YOUR INSTRUCTIONS:
Please repeat, exactly as written, the line containing "Install Citrix Receiver" and every line after it through the end of the records below, leaving out any pictures.
========================
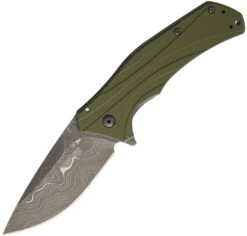 Kershaw Knockout OD Green & Damascus 1870OLDAM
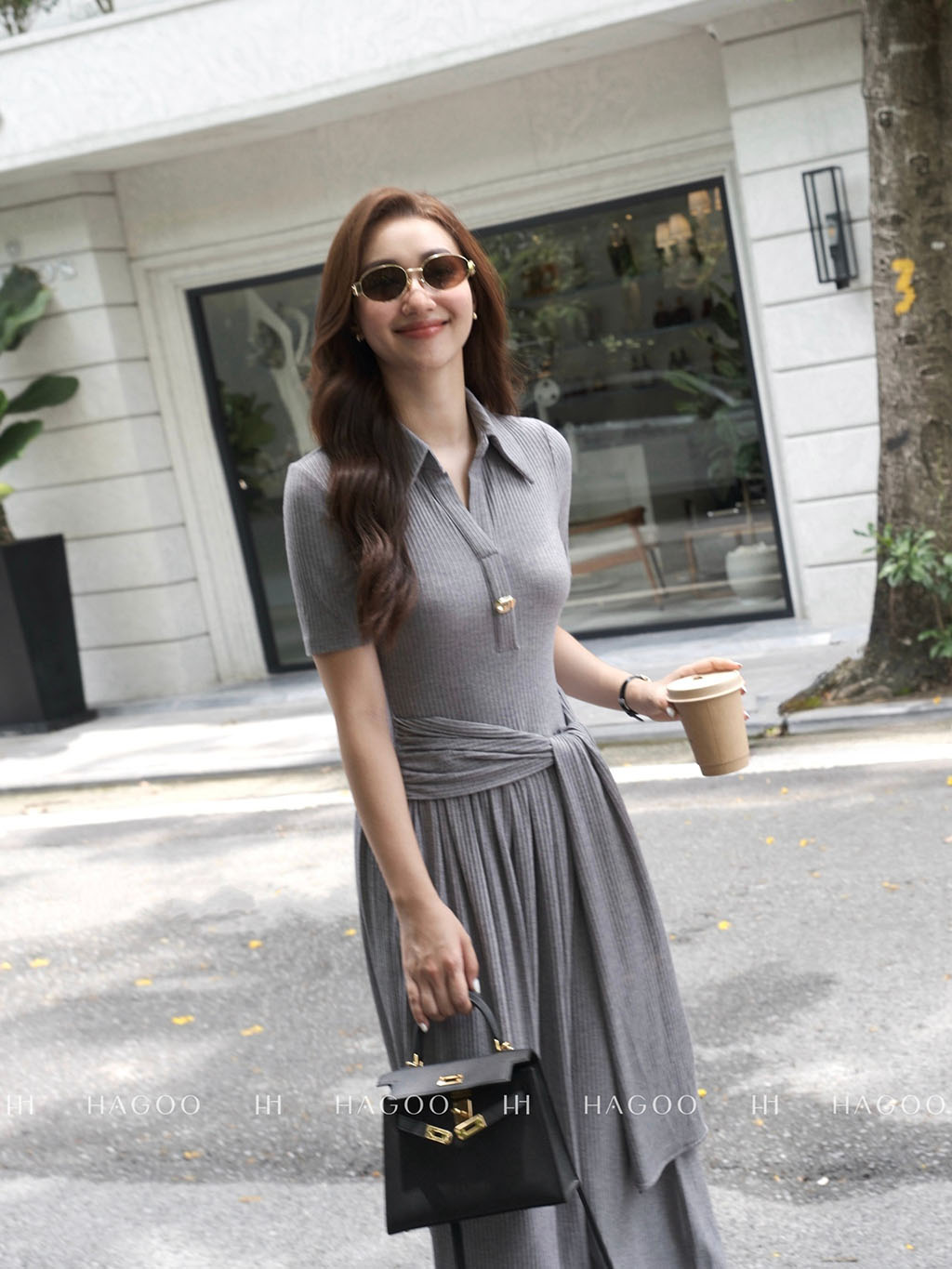 Váy thun Sarah dây thắt eo HAGOO_thumbnail_6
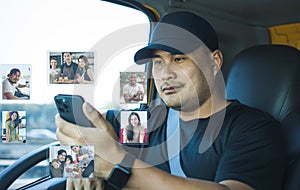 Truck driver Video call friends and family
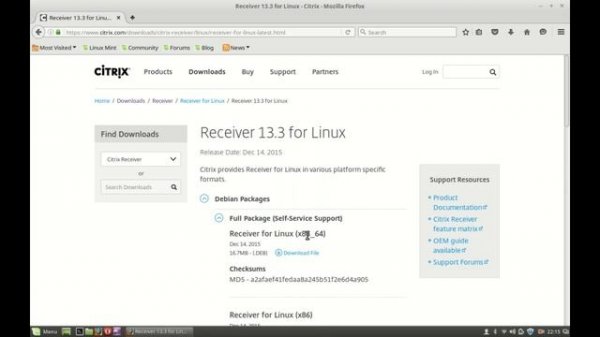 Install Citrix Receiver 13.3 ( ICA client ) in Linux Mint / Ubuntu
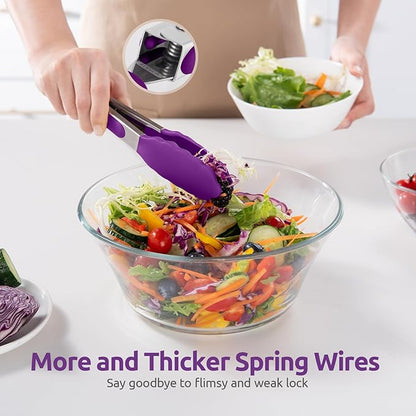 600ºF Heat Resistant Kitchen Tong: U-Taste 7 inch Silicone Cooking Tong with Firm Sealed Non Stick Rubber Tips & Silicon Coated 18/8 Stainless Steel Handle & Smooth Locking for Serving Salad (Purple) - Image 8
========================
OUTPUT:
 Install Citrix Receiver 13.3 ( ICA client ) in Linux Mint / Ubuntu
 600ºF Heat Resistant Kitchen Tong: U-Taste 7 inch Silicone Cooking Tong with Firm Sealed Non Stick Rubber Tips & Silicon Coated 18/8 Stainless Steel Handle & Smooth Locking for Serving Salad (Purple) - Image 8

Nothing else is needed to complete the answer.